In today’s globalised marketplace, many organisations span countries and continents. When creating and designing learning strategies, it would be careless to ignore the cultural challenges and risks this presents.
Language is the most obvious cultural challenge to overcome. Content can be translated into different languages relatively easily, but the subtler implications and nuances can sometimes be lost in this process.
Other cultural considerations include colours, symbols and images, and the way they are perceived in different cultures – some images may seem innocuous to many, but seem deeply inappropriate to others. This could lead to poor engagement with the learning, and a failure to meet the learning objectives.
Is standardising the answer?
Many organisations will standardise behaviours and processes. This makes sense for a number of reasons, such as the centralisation of support structures, transparency and visibility, transferability of skills within the organisation and repeatability of training interventions.

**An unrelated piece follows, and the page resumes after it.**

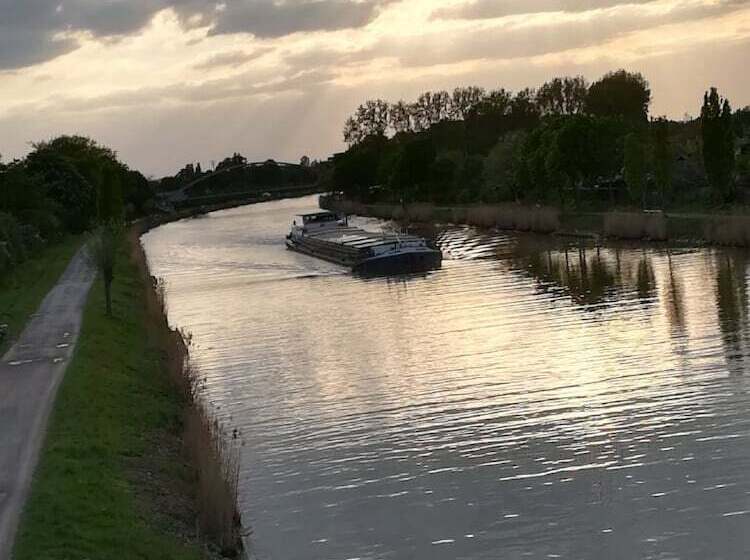 هتل City Center Suites Hannover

Most organisations will have some unifying cultural elements that are a defining part of their organisation. Generally this is likely to derive from the nation where the organisation is based, or originated, leading to it “imposing” a cultural norm on the entire global audience, and hoping that they all jump on board.

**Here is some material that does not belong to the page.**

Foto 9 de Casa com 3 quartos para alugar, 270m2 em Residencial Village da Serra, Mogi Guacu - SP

What about other approaches?
So it would seem that there are three possible approaches to this challenge; Firstly, to ignore any cultural differences, and expect the audience to conform to the “default” culture; secondly to create a bespoke solution for each specific cultural audience; and thirdly, to create a core “culture-neutral” training product, and tailor it to the different audiences as appropriate.
The first option is laden with risk, as user-adoption could be badly affected if the cultural tone misses the mark for any section of the audience. The second is the “perfect world” option, but will ramp up the cost, when most people are trimming rather than increasing their training spend. Also the key messages could end up being inconsistent without strong governance.
The best option?
The third option would then seem to be the most attractive – but how to do it? Well the first step I would put in place is a network of local representatives,who are aligned with the core messages of the training, but are able to either suggest or implement minor changes where needed. These could relate to language, look and feel or other culture-dependent elements. Involving local representatives will also increase credibility and engagement, as people recognise that their local training needs are being addressed.
We still have to accommodate different learning styles that are invariably affected by culture. Happily, much of what this involves aligns with current trends in learning: providing a range of learning in different forms, face to face, elearning, online learning etc. Flexibility seems to be of real benefit, ultimately giving choice and providing the right learning for the right audience. This, with knowing the audience in the first place, will help in designing and delivering learning to different cultures.
What have you found works when designing and delivering learning for a global audience?